Fans of Nintendo have been left out of the dark for details on the new paid online service for the Switch, but Nintendo finally outlined its features in today’s Direct presentation. Five features were discussed: Online Play, Nintendo Entertainment System—Nintendo Switch Online, Save Data Cloud, Smartphone App, and Special Offers.
None of the features come as a surprise, so those who were looking for any shockers other than what was already announced will be sorely disappointed. Online Play is exactly what it sounds like, allowing players to compete or cooperate in games like Splatoon 2, Super Smash Bros. Ultimate, and third-party games like Overcooked 2.
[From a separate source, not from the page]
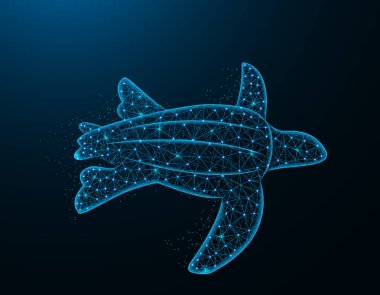 Leatherback kaplumbağa düşük poli modeli, Afrika hayvan soyut grafik, koyu mavi arka plan üzerinde sürüngen poligonal tel kafes vektör illüstrasyon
The clumsily-titled Nintendo Entertainment System—Nintendo Switch Online will allow subscribers to play classic NES titles “anytime, anywhere.” Games like Ice Climber support two-person local multiplayer and games like Dr. Mario even support online multiplayer—of course, this was all announced before. 20 games will be available at the service’s launch, including Super Mario Bros. 3, The Legend of Zelda, Ice Hockey, and Pro Wrestling.
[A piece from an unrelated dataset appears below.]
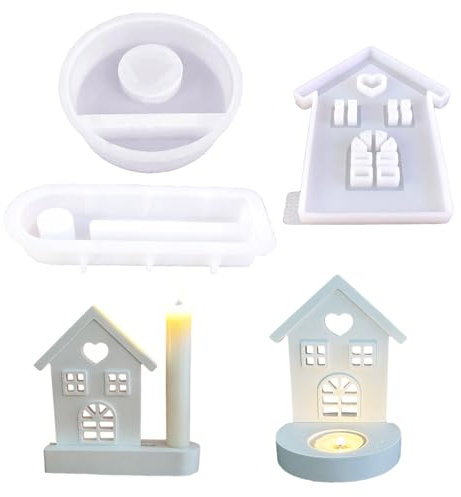 ALEFBET Silikonformen Gießformen, Silikonform Kerzenhalter, Silikon Gießform Kerzenhalter, Gipsformen zum Gießen (Haus A)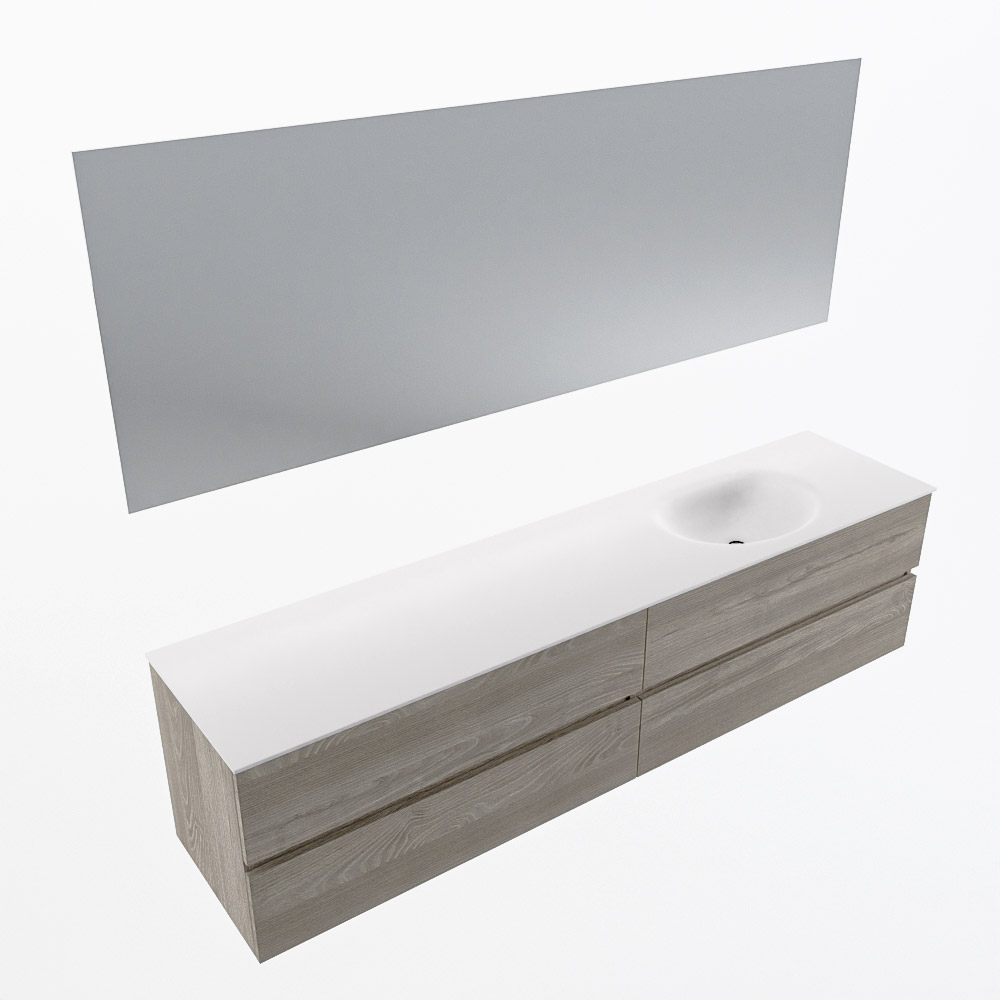 MONDIAZ VICA 200cm mueble de baño Light Brown Grey 4 cajones. Lavabo MOON Derecho 1 orificio color Talc con espejo LED. 6 MONDIAZ VICA 200cm mueble de baño Light Brown Grey 4 cajones. Lavabo MOON Derecho 1 orificio color Talc con espejo LED. - Imagen 6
Save Data Cloud acknowledges that owners may lose their Switch save data from damage to their console, so this feature allows these save files to be stored in the cloud (as cheekily demonstrated by Lakitu). The Direct did not mention how certain games are said to not be compatible with the feature.
The Smartphone App has already been out since early in the console’s lifespan, giving players the ability to voice chat with friends during online matches—assuming you don’t use Skype or Discord instead. Now, this feature will be locked to the online service. Sadly, Nintendo did not show off more game-exclusive features for the app, like Splatoon 2 info center Splatnet 2.
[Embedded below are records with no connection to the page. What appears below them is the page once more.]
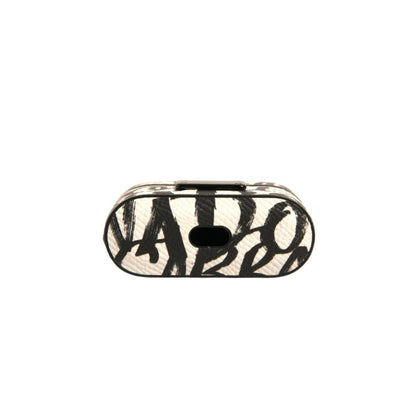 Dolce & Gabbana Black White Leather Scribble Embossed Logo Airpods Case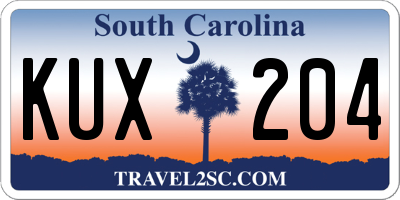 SC license plate KUX204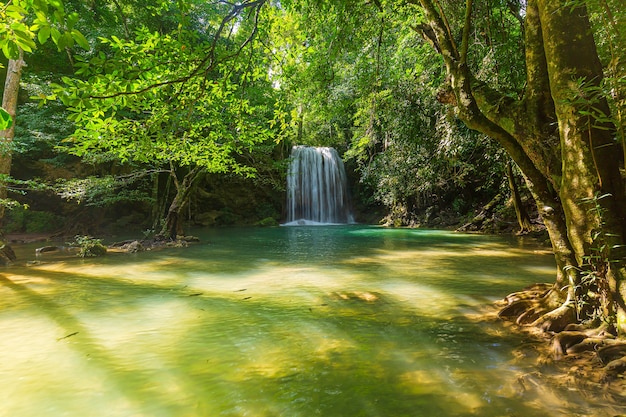 Bella vista della cascata in thailandiaBella cascata panoramica della foresta profonda in Thailandia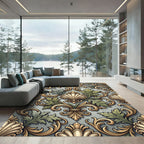 Ornate Sage and Gold Acanthus Scrollwork Rug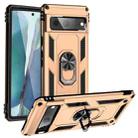 For Google Pixel 7 Shockproof TPU + PC Phone Case with Holder(Gold) - 1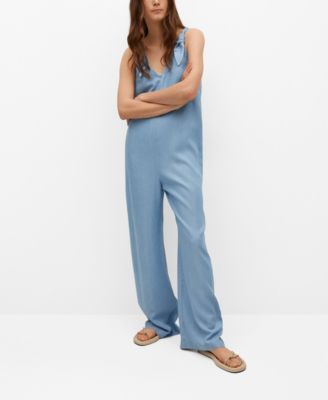 women mango long lyocell jumpsuit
Nintendo also teased “Special Offers,” although did not give any hints as to what these would be. Presumably, these would be sales, though we’d hope that Nintendo would roll out a similar program as PlayStation Plus and Xbox Live Gold in releasing games for free for subscribers on a monthly basis.
The service launches on September 18, with the pricing being $3.99 a month, $7.99 for three months, $19.99 for 12 months, or a Family Membership plan for 2-7 people priced at $34.99.